Firefox OS - Mike Lee

Power Harness

  • Continued progress; expecting to announce updated monitoring tool next week.
  • Shipping harnesses to Automation team week after next.

will-animate CSS Property (1.3)

  • Keeps portions of gaia-apps in a scrollable layer. Showing 20~40ms perf improvement.

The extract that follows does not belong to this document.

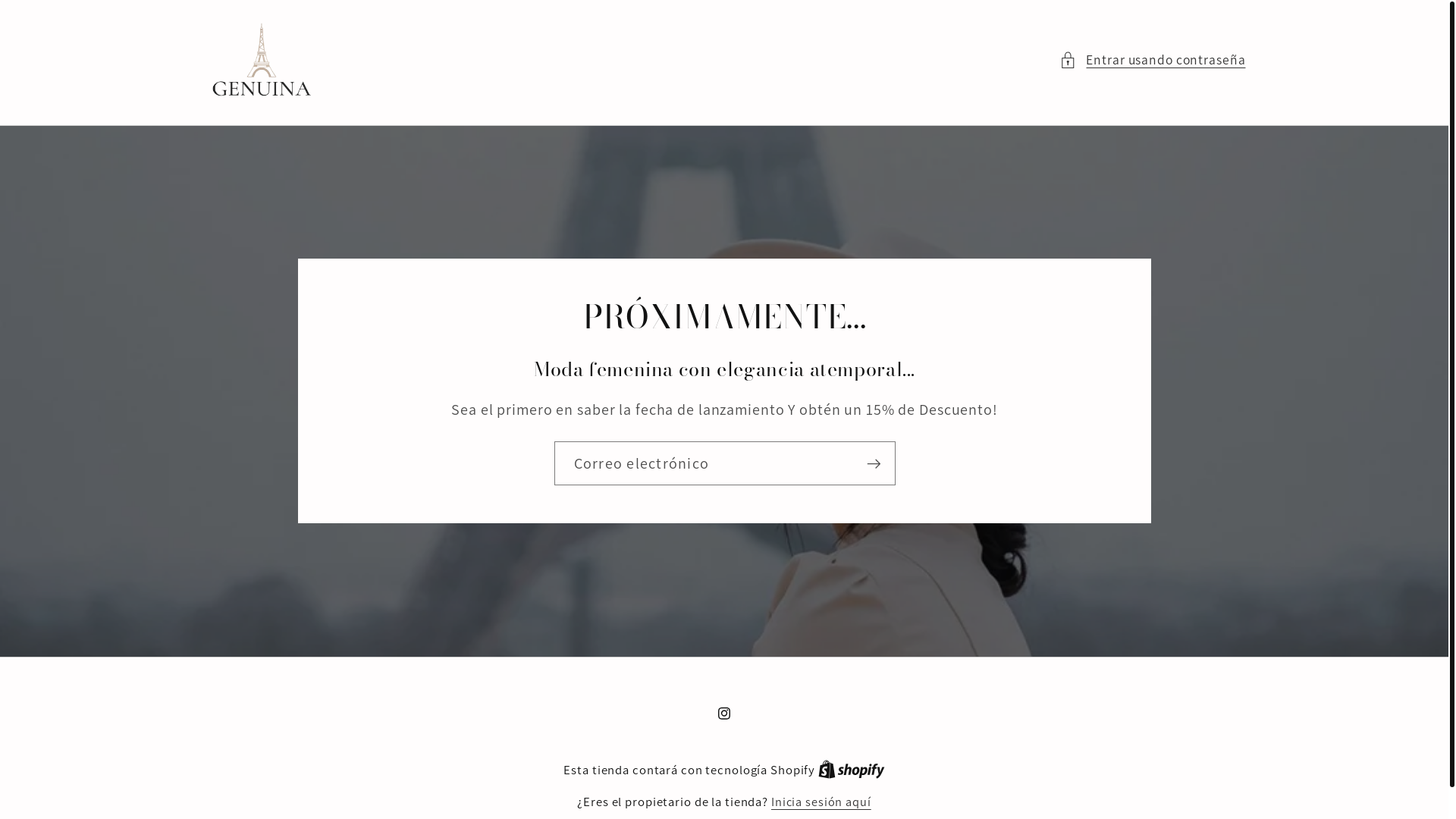 website screenshot of https://genuinauy.com/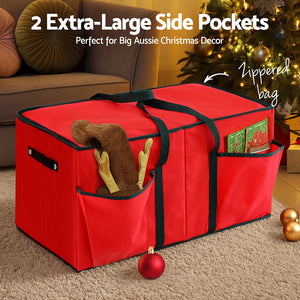 Christmas Bauble Storage Box | 128 Slot Ornament Container | Xmas Decoration Organiser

Landing in a few key gaia apps
  • Working with Benoit Girard on Graphics team.

Scrolling FPS

  • Improved Contacts scrolling in 1.2 by ~7fps via bugs 942397 & 942398

Launch Latency

Memory

  • Tarako (128MB RAM) device upcoming (1.3)
  • Supporting work
    • bug 945973: System-wide FxOS memory reporter tool from Nicholas Nethercotes' Low-level System tools team.
    • bug 917717: Add some memory consumption tests on datazilla; collaboration between FxOS Perf and Automation Teams.

Telemetry server - mreid, jonasfj

ETA:
Status:

  • Dashboards @ telemetry.mozilla.org are currently broken. Jonas is working on it, and expects things to be fixed by the end of next week (13 Dec) at the latest.
  • bug 946401 In an attempt to communicate things like this to the user, we want to incorporate a notification stream into the dashboard (most likely as a twitter feed)
  • Server infrastructure is stabilizing (AWS CloudFormation)
  • We are expecting a possible large increase in the # of pings submitted per Bug 863872 - FHR reporting Telemetry enabled on more systems than for which we are receiving pings
  • Old Telemery Hadoop cluster is now offline - exported 1 year of historical data

Diagnose and report desktop power usage - rvitillo

ETA: 29
Goals:

  1. write a suite of automated tests to collect desktop power usage on Windows 8, OSX 10.9 and Linux (Ubuntu 13.10),
  2. compare how firefox behaves when idle w.r.t. chrome, IE and safari,
  3. reduce power usage during idle due to timers,
  4. repeat the exercise on major websites (e.g. www.techweekeurope.co.uk/news/microsoft-ie-browser-energy-power-saving-118619).

Project Proposals / Areas that need work

A review of new project ideas.

Project Area

FxOS Performance Wiki: https://wiki.mozilla.org/B2G/Performance

Other Notable Fixes

A list of other notable perf related bug fixes that don't fit within any of the projects defined above.